Could we simply load a sample, with either compiled option, into a debugger like OllyDBG and step through the code in order to determine it’s functionality?… Sure! But if we are able to obtain the original plain-text code by decompiling the binary, it will enable us to expedite our analysis, analyze coding characteristics in an effort to identify code sharing and/or actor/campaign tracking, etc…
Bottom line, any time you have the opportunity to obtain and analyze the original source code, you take it!
So how do we get from a compiled binary to the original plain-text script?
Exe2Aut is an application that enables simple drag-and-drop decompilation of compiled AutoIt scripts. The most recent revision that I could find is v0.10, which claims to support AutoIt v22.214.171.124 – v126.96.36.199.
If you are dealing with a compiled script, simply drag-and-drop the AutoIt Interpreter executable (i.e. WinddowsUpdater.exe) into Exe2Aut (Figure 10). You will be immediately presented with a “Run Script” prompt (Figure 11).
Here, we select the compiled script (i.e. WinddowsUpdater.zip) and click Open.
Almost instantaneously, the decompiled source code is displayed in the application (Figure 12) and the plain-text script is dumped to disk as a .au3 file (Figure 13).
It’s even easier to decompile a standalone executable using Exe2Aut as the compiled script is embedded within it; thus no additional prompt asking you to select the compiled script.
Drag. Drop. Decompile!
Decompiled Script Analysis
More often than not, the decompiled script will be heavily obfuscated. Depending on the complexity, you could attempt to manually deobfuscate the script by replacing variable names, manually concatenating values, etc…

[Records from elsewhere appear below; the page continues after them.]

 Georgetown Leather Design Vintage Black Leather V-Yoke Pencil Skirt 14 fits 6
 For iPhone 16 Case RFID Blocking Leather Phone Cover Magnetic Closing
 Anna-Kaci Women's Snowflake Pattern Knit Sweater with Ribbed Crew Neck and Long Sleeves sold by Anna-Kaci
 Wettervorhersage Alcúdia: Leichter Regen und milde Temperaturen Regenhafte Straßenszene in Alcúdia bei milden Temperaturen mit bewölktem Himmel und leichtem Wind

If the script is overly obfuscated/complex, at a minimum you can use the elements identified in the source code to augment your analysis of the original executable within a debugger (like OllyDbg).

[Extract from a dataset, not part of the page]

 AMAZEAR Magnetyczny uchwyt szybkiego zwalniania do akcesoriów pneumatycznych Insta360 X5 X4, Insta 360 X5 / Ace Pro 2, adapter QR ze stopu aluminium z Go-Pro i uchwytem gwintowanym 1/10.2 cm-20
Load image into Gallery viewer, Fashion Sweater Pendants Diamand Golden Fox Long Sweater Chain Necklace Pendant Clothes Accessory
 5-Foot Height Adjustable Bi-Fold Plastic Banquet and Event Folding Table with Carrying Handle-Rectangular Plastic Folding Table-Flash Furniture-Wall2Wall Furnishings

For instance, if we see the following within the decompiled source code…
Local $hdll = DllOpen("kernel32.dll") Local $aprocesshandle = DllCall($hdll, "int", "OpenProcess", "int", 1024, "int", False, "int", $i_pid) DllCall($hdll, "int", "CloseHandle", "int", $aprocesshandle)
… we know that the compiled binary will be making a CALL to Kernel32.OpenProcess. So, when analyzing the compiled binary within a debugger, we now know to set a breakpoint on this function that we find interesting.